De acordo com investigação, filhos de ‘El Chapo’ alimentavam tigres com pessoas vivas

Os filhos do narcotraficante mexicano Joaquín Guzmán, mais conhecido como “El Chapo”, foram acusados de afligir e matar rivais, além de usar reféns como alimento para seus tigres de estimação. Os promotores do Distrito Sul de Nova York afirmam que o império de entorpecentes da família Guzmán era sustentado em parte por empresas químicas chinesas, agora sob sanções, e que cidadãos chineses e guatemaltecos estariam fornecendo os precursores químicos necessários para produzir fentanil.

O caso ocorre em um momento em que os EUA lutam para combater a superdose de entorpecentes, que tem sido um grande problema no país. De acordo com o Departamento de Justiça, quase 107 mil americanos morreram de exagero de substâncias em 2021, um número recorde. A divulgação das acusações contra membros do cartel de Sinaloa faz parte de uma extensa investigação para combater o tráfico de fentanil.

O fentanil é uma tóxico sintético que é 50 a 100 vezes mais potente do que a morfina. Ele é usado como analgésico em hospitais, mas também é fabricado ilegalmente e vendido como estimulante ilícita. De acordo com o Centro de Controle e Prevenção de Doenças dos EUA (CDC), o fentanil é o entorpecente mais letal dos EUA, e sua utilização tem aumentado significativamente nos últimos anos.

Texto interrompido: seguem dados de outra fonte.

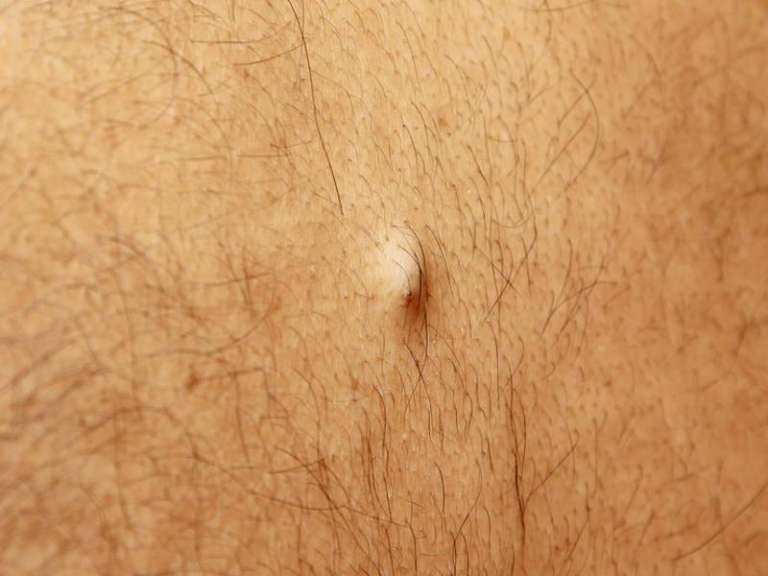 Veruci Sebacee Sebaceous scalp cysts: what they are and how to remove them ...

A acusação contra a família Guzmán é mais um exemplo de como o tráfico de entorpecentes é uma indústria extrema e criminosa, que muitas vezes se aproveita dos mais vulneráveis ​​da sociedade. O sofrimento e o assassinato de rivais, bem como o uso de reféns como alimento para tigres de estimação, são apenas alguns exemplos do quão impiedoso e desumano o tráfico de alucinógeno pode ser.

A investigação para combater o tráfico de fentanil é crucial para reduzir o número de excesso de entorpecentes nos EUA. No entanto, para realmente resolver o problema, é preciso uma abordagem mais ampla que inclua prevenção, tratamento e recuperação para os viciados em estimulantes. Isso pode envolver a criação de programas de prevenção e tratamento, bem como a disponibilidade de mais recursos para aqueles que lutam contra o vício em tóxicos.

Além disso, é importante abordar as questões sociais e econômicas subjacentes que levam as pessoas a se envolverem no tráfico de entorpecentes em primeiro lugar. Isso pode incluir políticas que abordem a pobreza, a falta de acesso à educação e ao emprego, a desigualdade econômica e outras questões sociais e econômicas que podem levar as pessoas a se envolverem no tráfico de estimulantes como forma de sobrevivência.

No final das contas, o tráfico de narcóticos é um problema complexo e multifacetado que requer uma abordagem igualmente complexa e multifacetada para resolvê-lo. A acusação contra a família Guzmán é um lembrete sombrio do quão desumano e perigoso.